> [Material provided]
· · · · · · ·
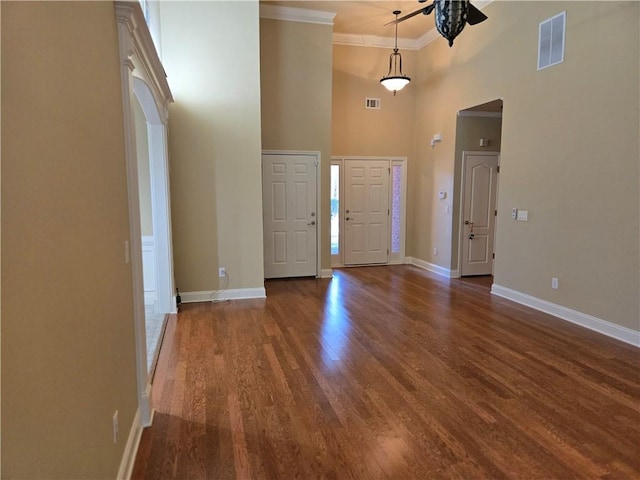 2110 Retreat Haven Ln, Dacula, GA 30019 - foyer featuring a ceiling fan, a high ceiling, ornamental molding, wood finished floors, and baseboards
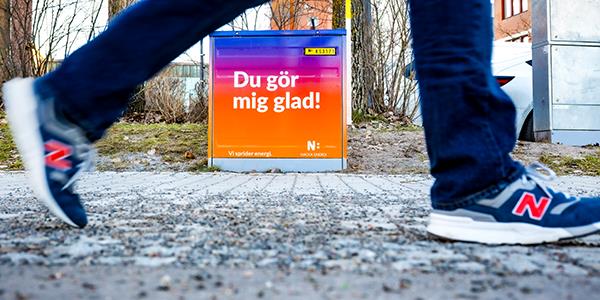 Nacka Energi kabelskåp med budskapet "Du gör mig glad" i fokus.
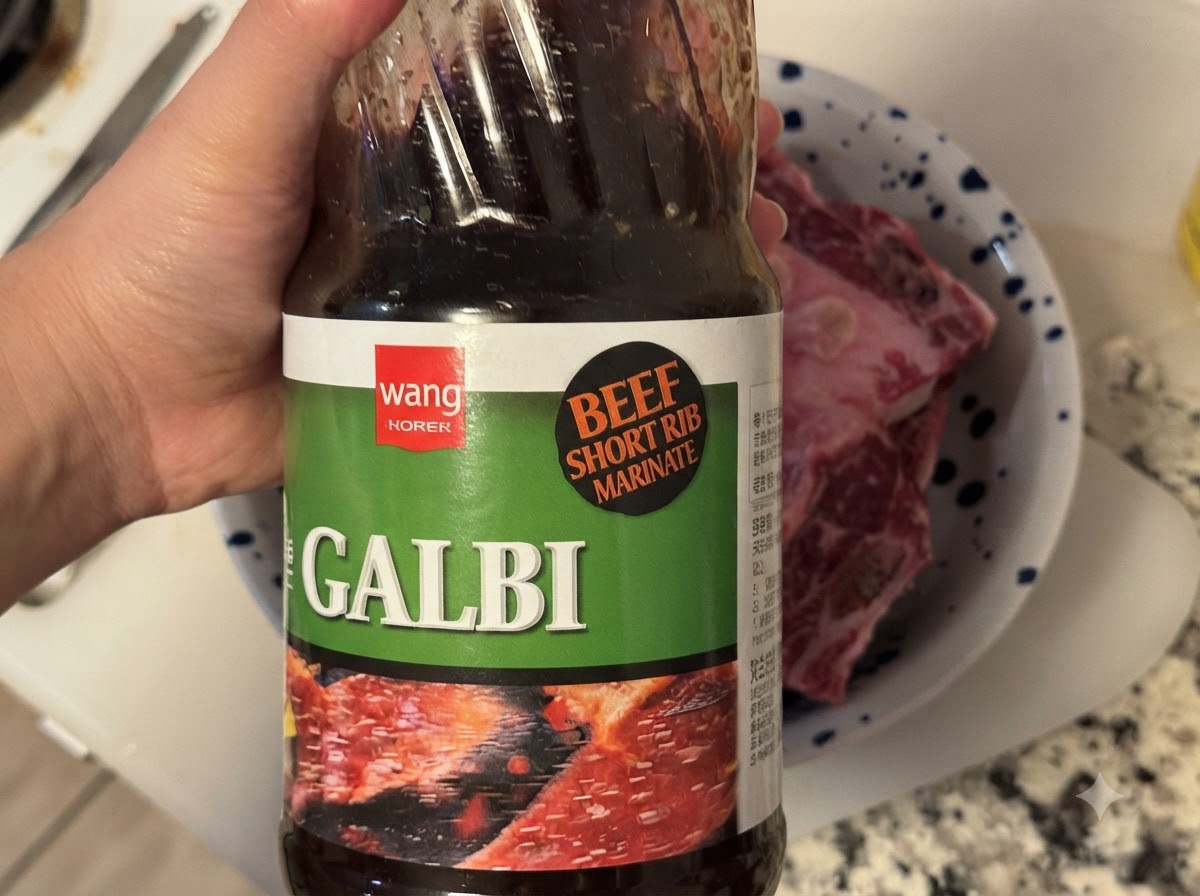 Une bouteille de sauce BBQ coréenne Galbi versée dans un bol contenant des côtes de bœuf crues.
· · · · · · ·
> [Exercise prompt] In copying the material, drop all pictures and keep everything else identical.

> [Solution below]
 2110 Retreat Haven Ln, Dacula, GA 30019 - foyer featuring a ceiling fan, a high ceiling, ornamental molding, wood finished floors, and baseboards
 Nacka Energi kabelskåp med budskapet "Du gör mig glad" i fokus.
 Une bouteille de sauce BBQ coréenne Galbi versée dans un bol contenant des côtes de bœuf crues.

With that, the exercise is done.